THE LIBERTARIAN ENTERPRISE
Number 749, December 15, 2013
Whoever controls the Moon controls the
Earth and everything and everybody on it
Attribute to L. Neil Smith's The Libertarian Enterprise
For the past few years, I have written several essays in response to various conservatives' false claim that America is a "Christian country".
Rather than reiterate what I said, I would ask the curious reader to consult with Thomas Paine or Haym Solomon about that, to remember that Thomas Jefferson's handful of pronouncements on God are clearly metaphorical, and that Benjamin Franklin belonged to an organization whose members dedicated themselves to violating every one of the Ten Commandments.
If you just have to see what I have said, myself, here are some examples:
Conservatives have long whimpered about corporate and goverment policies forbidding employees who make contact with the public to wish said members "Merry Christmas!" at the appropriate time of the year, out of a moronic and purely irrational fear of offending members of the public who don't happen to be Christian, but are Jewish, Muslim, Hindu, Buddhist, Sikh, Jain, Rastafarian, Ba'hai, Cthuluites, Wiccans, or worshippers of the Flying Spaghetti Monster. The politically correct benediction, these employees are instructed, is "Happy Holidays".
As a lifelong atheist, I never take "Merry Christmas" as anything but a cheerful and sincere desire to share the spirit of the happiest time of the year. I enjoy Christmas as the ultimate capitalist celebration. It's a multiple-usage occasion and has been so since the dawn of history. I wish them "Merry Christmas" right back, and I mean it.
Unless I wish them a "Happy Zagmuk", sharing the oldest midwinter festival in our culture I can find any trace of. It's Babylonian, and celebrates the victory of the god-king Marduk over the forces of Chaos.
But as anybody with the merest understanding of history and human nature could have predicted, if you give the Political Correctness Zombies (Marduk needs to get back to work again) an Angstrom unit, they'll demand a parsec. It now appears that for the past couple of years, as soon as the Merry Christmases and Happy Holidayses start getting slung around, a professor (not of Liberal Arts, so he should know better) at a nearby university (to remain unnamed) sends out what he hopes are intimidating e-mails, scolding careless well-wishers, and asserting that these are not holidays ("holy days") to everyone, and that the only politically acceptable greeting is "Happy Midwinter Break".
He signs this exercise in stupidity "A Jewish Faculty Member".
Two responses come immediately to mind, both of them derived from good, basic Anglo-Saxon, which is not originally a Christian language. As soon as the almost overwhelming temptation to use them has been successfully resisted, there are some other matters for profound consideration.

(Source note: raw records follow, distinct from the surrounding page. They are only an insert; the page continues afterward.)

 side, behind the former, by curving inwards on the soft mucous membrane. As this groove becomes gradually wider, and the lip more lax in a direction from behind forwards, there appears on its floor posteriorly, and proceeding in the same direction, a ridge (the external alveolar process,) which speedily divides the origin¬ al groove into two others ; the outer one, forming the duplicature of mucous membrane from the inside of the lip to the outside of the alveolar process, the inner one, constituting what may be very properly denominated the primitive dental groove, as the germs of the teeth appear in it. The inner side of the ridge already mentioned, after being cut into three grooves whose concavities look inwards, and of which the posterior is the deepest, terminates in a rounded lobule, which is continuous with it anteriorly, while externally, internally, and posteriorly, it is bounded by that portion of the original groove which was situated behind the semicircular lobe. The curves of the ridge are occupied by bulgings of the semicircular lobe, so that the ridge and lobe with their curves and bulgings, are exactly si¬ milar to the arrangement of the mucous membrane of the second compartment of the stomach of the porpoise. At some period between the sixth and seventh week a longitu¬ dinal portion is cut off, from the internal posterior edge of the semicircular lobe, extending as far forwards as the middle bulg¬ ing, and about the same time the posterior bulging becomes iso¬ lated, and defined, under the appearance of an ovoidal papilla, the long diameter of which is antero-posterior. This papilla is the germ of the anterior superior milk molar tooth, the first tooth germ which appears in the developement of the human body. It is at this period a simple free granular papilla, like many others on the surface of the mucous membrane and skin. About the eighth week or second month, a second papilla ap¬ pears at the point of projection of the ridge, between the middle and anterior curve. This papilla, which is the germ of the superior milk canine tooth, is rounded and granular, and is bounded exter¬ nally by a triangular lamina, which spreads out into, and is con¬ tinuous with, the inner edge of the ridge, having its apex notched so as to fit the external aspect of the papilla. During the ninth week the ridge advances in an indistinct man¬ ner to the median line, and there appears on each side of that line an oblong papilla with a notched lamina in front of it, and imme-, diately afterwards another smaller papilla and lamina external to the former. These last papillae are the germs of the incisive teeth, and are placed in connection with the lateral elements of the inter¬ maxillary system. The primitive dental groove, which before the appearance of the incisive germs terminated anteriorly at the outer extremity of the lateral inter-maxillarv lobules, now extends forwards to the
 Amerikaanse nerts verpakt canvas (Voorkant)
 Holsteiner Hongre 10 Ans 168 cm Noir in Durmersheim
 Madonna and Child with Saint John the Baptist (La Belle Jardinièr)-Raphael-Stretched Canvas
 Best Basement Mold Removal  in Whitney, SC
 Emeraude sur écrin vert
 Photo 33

First, what we are seeing here, in both the "Happy Holidays" and "Happy Winter Break" instances, is the yawning gulf of difference between pluralism, on the one hand, and multi-culturalism on the other.
The former accepts and allows everything. Nothing is compulsory and nothing (barring the initiation of physical force) is forbidden. Pluralism is frank and open, and it has standards. It doesn't tolerate priests as child molestors or "honor killings" of errant children. We all get to laugh, and eat each other's food, enjoy each other's music, and dance each other's dances. It's the essential American way. As a nation, we don't always manage to measure up to that standard, but we try.
Pluralism is a good thing. A very good thing.
The latter crouches in xenophobic terror, rejecting everything that might indicate that people are different from one another. or have different opinions. Multi-culturalism allows nothing to be said or done, but locks the world in eternal frozen conflict. It's a sort of pathological isolation in a crowd that is humiliated by its own humanity.
Multi-culturism is a bad thing, trying to disguise itself as pluralism.
My old friend, the late Aaron Zelman, the founder of Jews for the Preservation of Firearms Ownership, used to observe that some individuals value their victimization so highly, they'll sacrifice anything -- fortune, family, anything -- in order to hold onto it. Look at the way black people often ignore the fact that none of them were ever slaves themselves, and no one living today was ever a slave owner, in order to establish a claim to what they see as infinite entitlement.
My own ancestors were slaughtered in the thousands by their evil conquerors (who posed to the world as benefactors and bringers of civilization), forced at swordpoint and gunpoint to grow, harvest, and ship crops out of the country in record amounts while millions of them starved to death, and were finally captured and sold into slavery overseas.
My ancestors are Irish.
To my knowledge, none represent themselves as social arbiters, prescribing to other folks the right thing to say or the way to say it.
Finally, there is this: if you were to fly all the way to Australia on vacation, would you be grateful or dissappointed if all the Australians you met said "Hello" to you, rather than a hearty "G'dai"?
My then-wife (not Cathy, born and raised in Cheyenne) was deeply embarrassed that I accompanied her to London in 1976 wearing cowboy boots, jeans, and brightly-colored Western shirts. She learned better. Her friends all seemed to love the way I dressed and for the first -- and last -- toime inb my life, I was a sartorial hit. Most people from around the world expect us to be different. That's why they came to see us. Part of that difference is Christmas, which many (especially the Japanese, and, it now appears, the Chinese) have adopted as their own.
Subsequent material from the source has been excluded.